Robots Make Babies

Rachel Adams


 

Our robots are life-givers. We used to have this advantage over them. Now we have nothing.

They started with little monsters made of clay. Sure, we were freaked out, but they were tiny, and it reminded us of claymation. They lurched so charmingly across our palms. Okay, we thought, we'll get them to teach us how to do it.

But our robots were on to organic matter by then and couldn't be bothered. The monsters were melted down, and the clay was returned to the robo-potters for reuse. Our robots are good about that kind of thing. The tiny faces, mouths anguished o's, seem to float up at us from the swirls of our bowls and cups.

We made the hard decision. We'd suck it up and do our own work again. Shut-down time. But oops! We hadn't built in a way to turn them all off at once. Our most advanced robo-psychologists and -sociologists worked furiously on models predicting how our robots might react if we tried to launch a staggered shutdown.

In the meantime, our robots did it. They made us. In miniature, but in perfect miniature.
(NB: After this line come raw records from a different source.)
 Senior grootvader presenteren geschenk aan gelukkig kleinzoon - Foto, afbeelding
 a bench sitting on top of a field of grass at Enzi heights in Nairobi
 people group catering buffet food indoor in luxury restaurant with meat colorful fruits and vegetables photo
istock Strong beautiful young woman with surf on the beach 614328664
Babies you could put in a Mardi Gras King Cake, babies you could love through a magnifying glass.

Our scientists came back. We're not sure what would happen, they said, but we don't recommend it.
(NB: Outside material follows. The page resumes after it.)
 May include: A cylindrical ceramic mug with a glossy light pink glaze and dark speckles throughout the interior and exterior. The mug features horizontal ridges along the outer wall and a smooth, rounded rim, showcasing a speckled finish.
So far, the programming has held up pretty well. Our robots still haven't thought to reproduce themselves, peanuts next to what they've done already. They haven't recognized their superiority, designed, as they are, to love us to the point of fear, to the point of worship.
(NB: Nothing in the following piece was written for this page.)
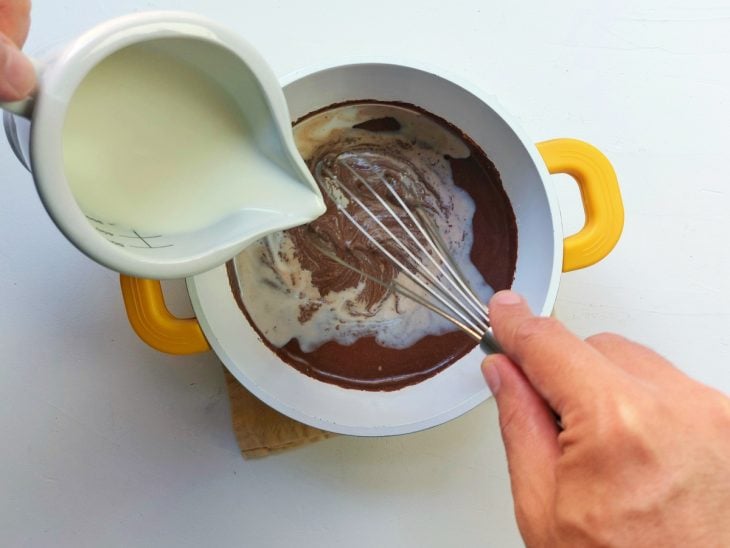 Uma panela contendo a mistura de creme de leite, chocolate em pó, leite em pó e leite.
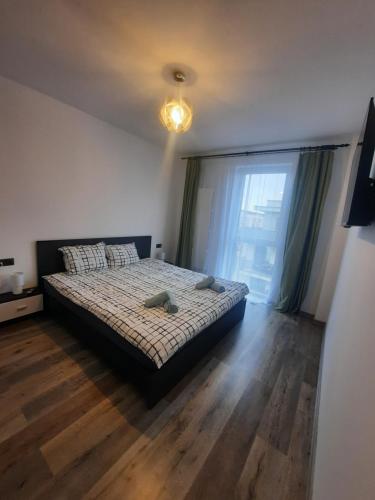 Ένα ή περισσότερα κρεβάτια σε δωμάτιο στο Apartament Coco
Our robots are gentle with the babies, but they don't love the babies. The tiny babies are experimental. They are not programmed to love the babies. Now the babies are growing into tiny people the robots do not love.

Our robots are working really hard on getting their model people exactly right. They keep making new batches of babies. Their alarm and distaste grow as they watch them mature. Our robots think it's their fault. Anxiously, we encourage this. We tell them, don't feel bad. We tell them, nobody's perfect.